# Try it
Working from the entries that follow, retype each one without any alteration.
'''
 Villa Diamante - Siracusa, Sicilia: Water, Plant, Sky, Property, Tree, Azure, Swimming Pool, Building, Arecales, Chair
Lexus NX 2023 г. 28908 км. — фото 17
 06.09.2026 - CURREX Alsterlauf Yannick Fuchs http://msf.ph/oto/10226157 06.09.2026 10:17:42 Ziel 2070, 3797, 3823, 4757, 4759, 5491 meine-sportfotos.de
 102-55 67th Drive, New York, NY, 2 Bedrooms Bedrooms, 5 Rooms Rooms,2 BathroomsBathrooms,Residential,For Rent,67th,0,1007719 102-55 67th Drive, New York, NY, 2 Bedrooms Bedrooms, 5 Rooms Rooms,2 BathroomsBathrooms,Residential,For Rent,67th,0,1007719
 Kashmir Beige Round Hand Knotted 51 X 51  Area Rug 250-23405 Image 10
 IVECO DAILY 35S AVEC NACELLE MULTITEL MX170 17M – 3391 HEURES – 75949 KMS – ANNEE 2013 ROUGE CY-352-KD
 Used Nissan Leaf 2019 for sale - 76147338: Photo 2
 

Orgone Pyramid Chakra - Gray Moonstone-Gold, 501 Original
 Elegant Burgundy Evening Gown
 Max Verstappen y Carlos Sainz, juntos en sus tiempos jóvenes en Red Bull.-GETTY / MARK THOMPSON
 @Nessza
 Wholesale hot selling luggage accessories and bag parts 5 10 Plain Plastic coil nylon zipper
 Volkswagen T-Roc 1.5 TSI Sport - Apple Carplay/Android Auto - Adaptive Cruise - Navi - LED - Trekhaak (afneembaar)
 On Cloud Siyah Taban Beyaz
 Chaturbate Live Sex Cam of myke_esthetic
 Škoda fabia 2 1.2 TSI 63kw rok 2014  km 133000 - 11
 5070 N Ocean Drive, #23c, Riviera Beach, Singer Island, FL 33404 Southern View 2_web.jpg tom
'''
# Task answer
 Villa Diamante - Siracusa, Sicilia: Water, Plant, Sky, Property, Tree, Azure, Swimming Pool, Building, Arecales, Chair
Lexus NX 2023 г. 28908 км. — фото 17
 06.09.2026 - CURREX Alsterlauf Yannick Fuchs http://msf.ph/oto/10226157 06.09.2026 10:17:42 Ziel 2070, 3797, 3823, 4757, 4759, 5491 meine-sportfotos.de
 102-55 67th Drive, New York, NY, 2 Bedrooms Bedrooms, 5 Rooms Rooms,2 BathroomsBathrooms,Residential,For Rent,67th,0,1007719 102-55 67th Drive, New York, NY, 2 Bedrooms Bedrooms, 5 Rooms Rooms,2 BathroomsBathrooms,Residential,For Rent,67th,0,1007719
 Kashmir Beige Round Hand Knotted 51 X 51  Area Rug 250-23405 Image 10
 IVECO DAILY 35S AVEC NACELLE MULTITEL MX170 17M – 3391 HEURES – 75949 KMS – ANNEE 2013 ROUGE CY-352-KD
 Used Nissan Leaf 2019 for sale - 76147338: Photo 2
 

Orgone Pyramid Chakra - Gray Moonstone-Gold, 501 Original
 Elegant Burgundy Evening Gown
 Max Verstappen y Carlos Sainz, juntos en sus tiempos jóvenes en Red Bull.-GETTY / MARK THOMPSON
 @Nessza
 Wholesale hot selling luggage accessories and bag parts 5 10 Plain Plastic coil nylon zipper
 Volkswagen T-Roc 1.5 TSI Sport - Apple Carplay/Android Auto - Adaptive Cruise - Navi - LED - Trekhaak (afneembaar)
 On Cloud Siyah Taban Beyaz
 Chaturbate Live Sex Cam of myke_esthetic
 Škoda fabia 2 1.2 TSI 63kw rok 2014  km 133000 - 11
 5070 N Ocean Drive, #23c, Riviera Beach, Singer Island, FL 33404 Southern View 2_web.jpg tom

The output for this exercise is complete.